■ **About this task**
Copy out the whole listing exactly as written, leaving the pictures behind.

■ **Given data**
↓

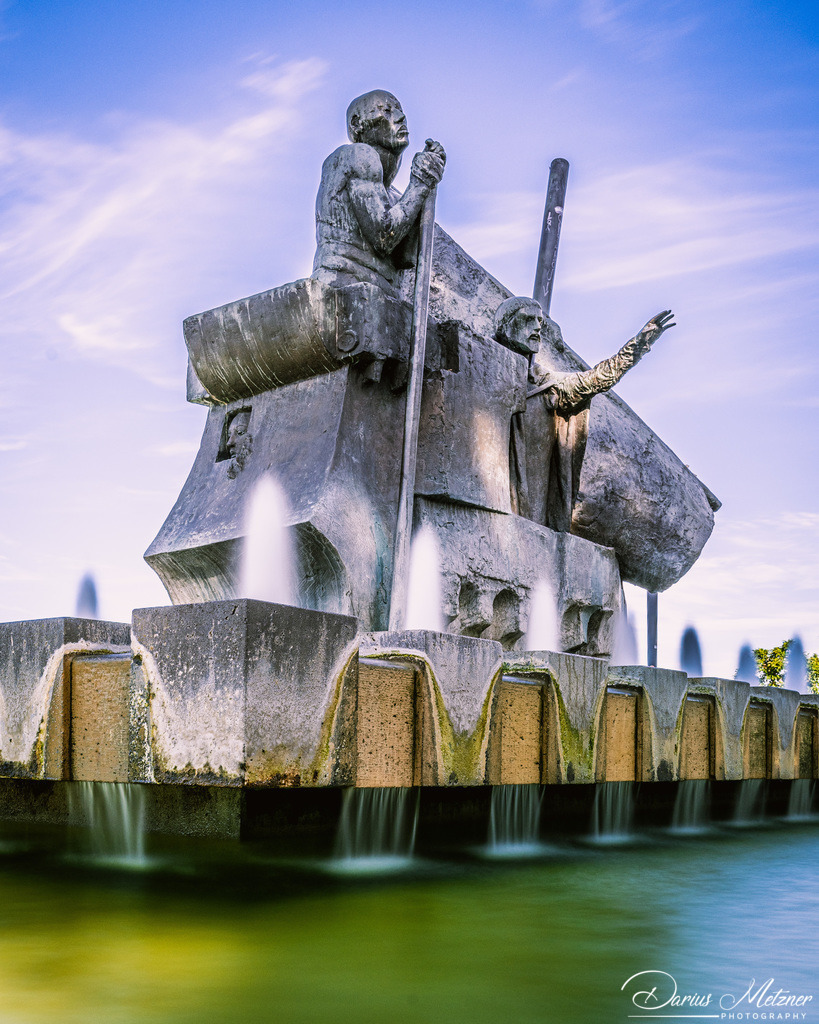 Die Frauenlob Barke am Mainzer Rheinufer | Die Frauenlob Barke am Mainzer Rheinufer von Richard Hess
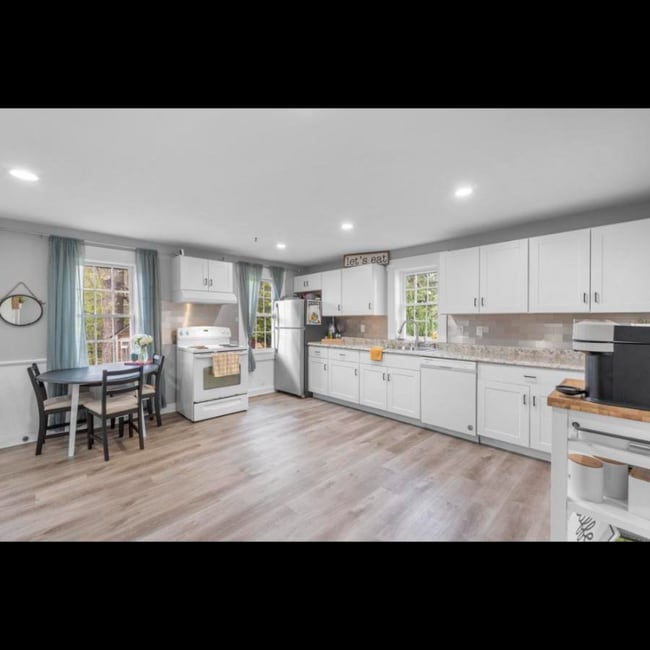 Building Photo - 15 Hackmatack St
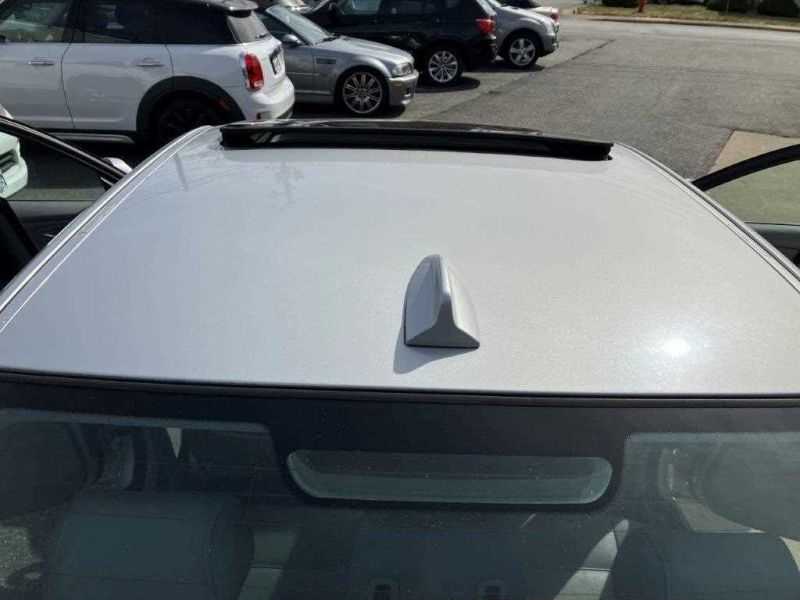 BMW 3 Series Image 25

↑

■ **Answer**
 Die Frauenlob Barke am Mainzer Rheinufer | Die Frauenlob Barke am Mainzer Rheinufer von Richard Hess
 Building Photo - 15 Hackmatack St
 BMW 3 Series Image 25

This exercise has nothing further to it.